L’Afrique est aujourd’hui considérée comme la dernière frontière de croissance économique, partagez vous cette affirmation ?
Non seulement il y’a la croissance en Afrique, il y a également les problèmes posés par la croissance, faiblement intensive en emploi et souvent fortement inégalitaire. Il ne va pas de soi que la croissance résolve tous les problèmes, elle peut même en créer certaines. Quand vous prenez la croissance économique, à aucun moment les observateurs ne sont prêts à dire qu’elle est satisfaisante, robuste, résiliente. Ce sont des qualificatifs que les historiens emploient à postériori. Aujourd’hui, on a en Afrique une croissance en pente ascendante. Bien sûr on peut noter des différences selon les pays, les régions et les périodes. C’est évident que quand le prix du baril de pétrole baisse de 50%, pour certains pays c’est une ressource, pour d’autres c’est une contrainte d’avoir à payer une facture pétrolière. Mais cela ne change rien à la pente.
Mais cette croissance est-elle, selon vous, durable ?
La réalité est que l’Afrique va avoir une croissance forte pendant 30 ans, voire plus.
Cette croissance à des raisons tellement profonde qu’elle est durable parce qu’elle est fondée sur la démographie et sur des mécanismes endogènes. Il faut oublier les vieilles idées selon lesquelles l’Afrique se développe à cause des matières premières. Cette idée est fausse. En réalité l’Afrique est un continent de l’économie tertiaire.
Il faut pour s’en convaincre, voir ce qui se passe actuellement dans les secteurs des Télécommunications, de la Logistique, du Commerce, du Transport…
La croissance africaine est complètement endogène. Il y’a eu un facteur qui a amélioré cette croissance, c’est le prix relatif des exportations. Mais la contribution des matières premières dans la croissance africaine est négative d’années en années, au sens où les matières premières baissent en prix. La croissance s’est donc faite malgré les matières premières. C’est la consommation de biens et de nouveaux services financiers, informatiques, de santé etc… ajoutée à l’investissement productif et à l’urbanisation qui sont les vraies raisons.

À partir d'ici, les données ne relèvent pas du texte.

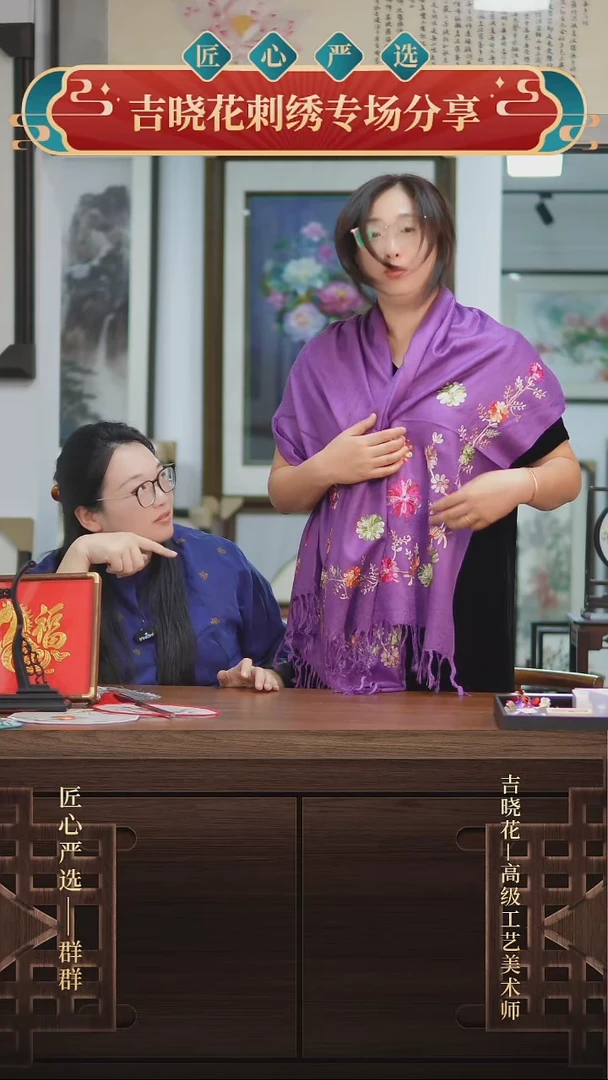 吉晓花 多色花卉围巾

Quelles politiques publiques, les États africains doivent-ils mettre en place pour une meilleure distribution de cette croissance ?
Il y’a des pays qui ont mis en œuvre des politiques publiques remarquables.
Je pense notamment au Rwanda, pour ce qui concerne l’environnement des affaires et le développement des entreprises. C’est également le cas du Maroc et de l’Ile Maurice.
Ces pays font d’importants efforts pour convaincre les entreprises du secteur informel de rentrer dans le secteur formel en leur montrant que cela peut leur apporter beaucoup d’avantages et non beaucoup d’ennuis. Il faut également une politique de formation professionnelle efficace. Enfin il y’a la rêgle de Droit et les éléments de gouvernance. On ne peut pas créer un véritable Centre financier si l’on a pas une bonne gouvernance.
Le juge de Paix des politiques publiques sera le différentiel de croissance par rapport à la moyenne.